= What is being asked =
Going down the data below, set down exactly the line with "Eylül 2017. 2017" and each line after it through the line with "Daisy Flower Bracelet"; no other lines.

= Data provided =
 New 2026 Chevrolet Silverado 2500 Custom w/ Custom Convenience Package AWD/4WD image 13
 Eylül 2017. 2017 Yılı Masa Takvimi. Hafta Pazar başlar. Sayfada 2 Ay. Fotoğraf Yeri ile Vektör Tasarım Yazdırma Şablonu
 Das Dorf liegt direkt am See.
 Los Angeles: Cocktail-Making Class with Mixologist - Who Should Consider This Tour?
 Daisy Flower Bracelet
==
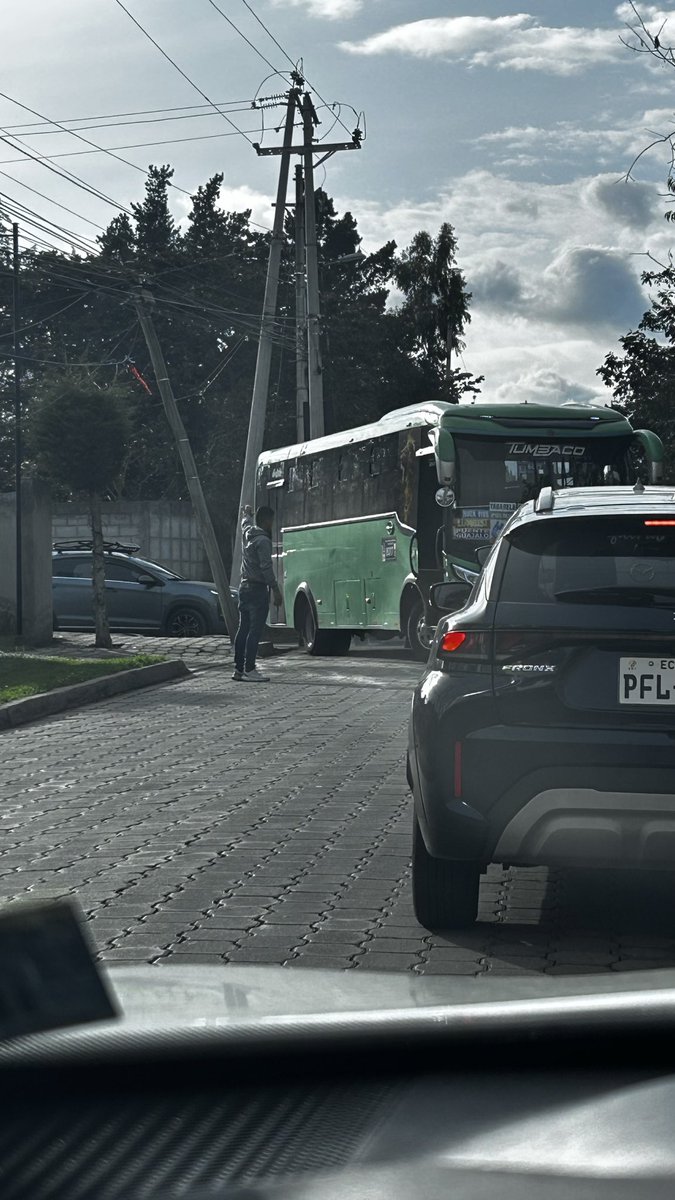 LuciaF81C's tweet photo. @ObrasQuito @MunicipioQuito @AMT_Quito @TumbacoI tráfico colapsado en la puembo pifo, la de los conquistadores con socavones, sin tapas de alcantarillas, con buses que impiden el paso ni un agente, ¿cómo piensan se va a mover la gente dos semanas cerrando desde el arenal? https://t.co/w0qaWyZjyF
* * *
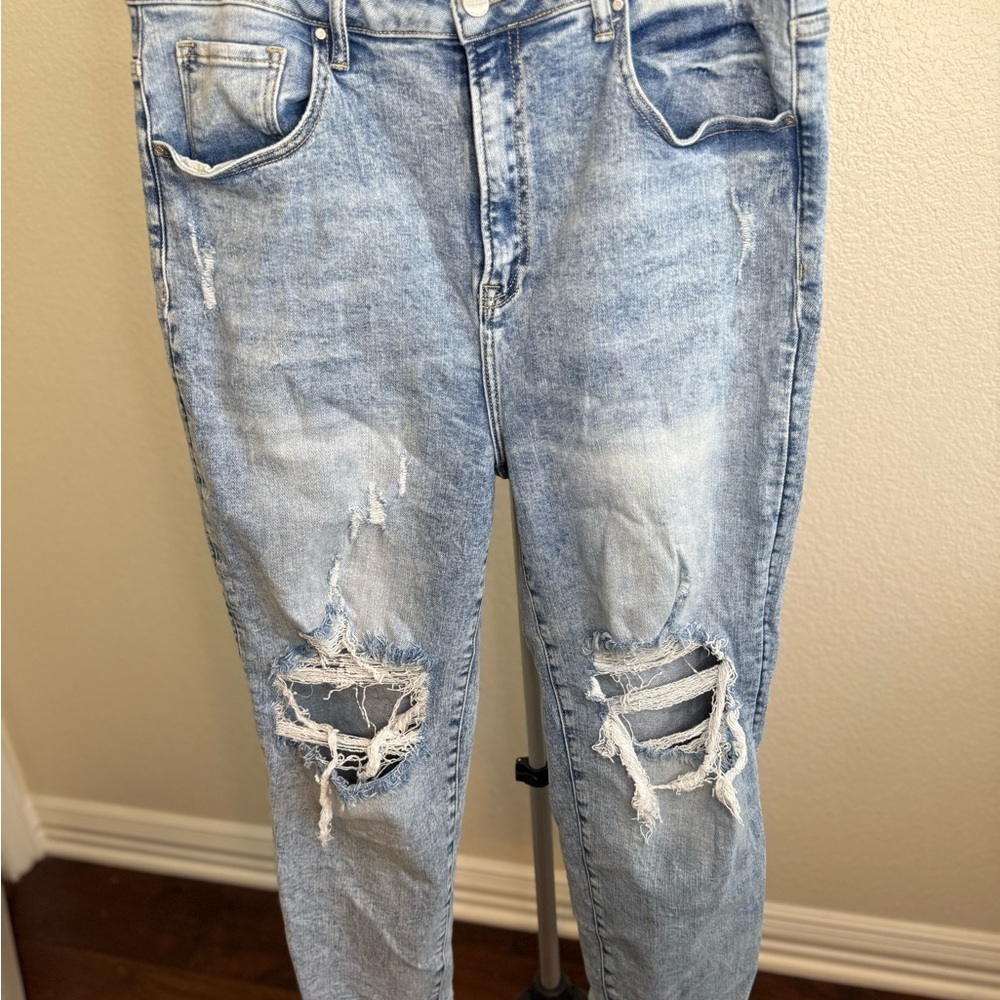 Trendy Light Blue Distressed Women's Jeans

= Task response =
 Eylül 2017. 2017 Yılı Masa Takvimi. Hafta Pazar başlar. Sayfada 2 Ay. Fotoğraf Yeri ile Vektör Tasarım Yazdırma Şablonu
 Das Dorf liegt direkt am See.
 Los Angeles: Cocktail-Making Class with Mixologist - Who Should Consider This Tour?
 Daisy Flower Bracelet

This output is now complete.